The Colburn Orchestra's annual spring gala in Walt Disney Concert Hall is typically a multi-generational affair. Sunday night, James Conlon, 64, conducted. His soloist in Mozart's Piano Concerto No. 17, however, was yet another generation older.
Menahem Pressler was born into a world that had not yet heard Schoenberg's 12-tone music or George Gershwin's "Rhapsody in Blue," two events that would change classical music forever. A founder of the Beaux Arts Trio in 1955, Pressler, who fled Nazi Germany for Israel as a teenager, turned 90 in December.

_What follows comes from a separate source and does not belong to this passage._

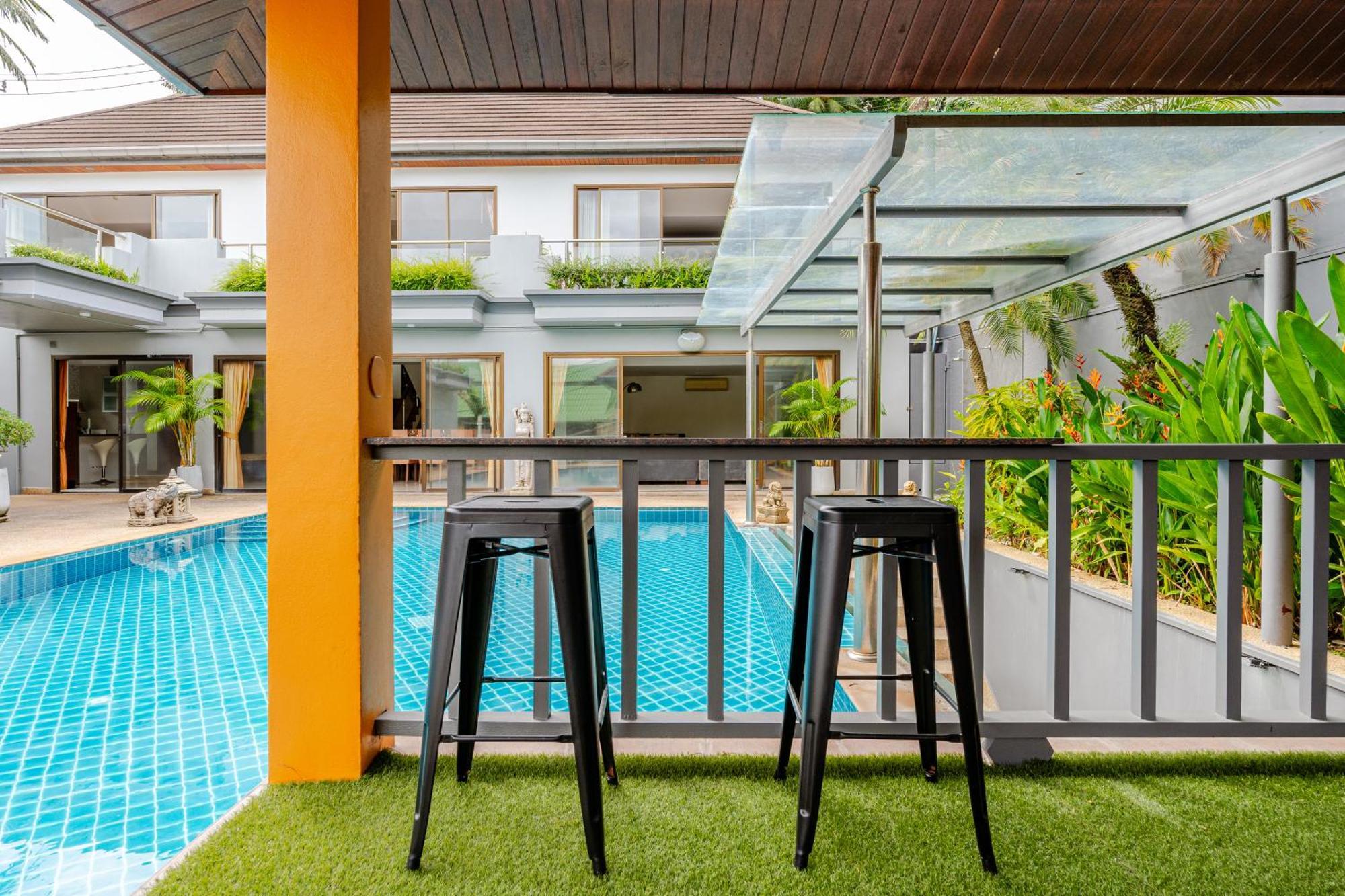 Luxury 4br With Pool & Ocean Views On Villa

Sunday evening he walked onstage with a lively, sure step. Clearly ready for action, he sat with a kind of sly look on his face during the concerto's orchestral opening, vigorously conducted by Conlon. The soloist has a 16th note rest before his squiggling rising first passage. Pressler cunningly anticipated that by a nanosecond.
His tone was stunning, a beauteous bell-like sound, and he knew it. If Pressler waits on no one, he does wait on the dying resonance of the piano. He likes to let the sound fade to near inaudibility and then pick up with the next note to create a magical lyricism.
The slow movement was where the most wonders were, because Pressler had the most time to reveal them. With every bar, he seemed to be saying not only "Look what I am doing here," but also "Look what I can do here." At 90, a self-centered pianist is not an annoyance but a marvel, and so was his Mozart, laden with but not weighed down by experience.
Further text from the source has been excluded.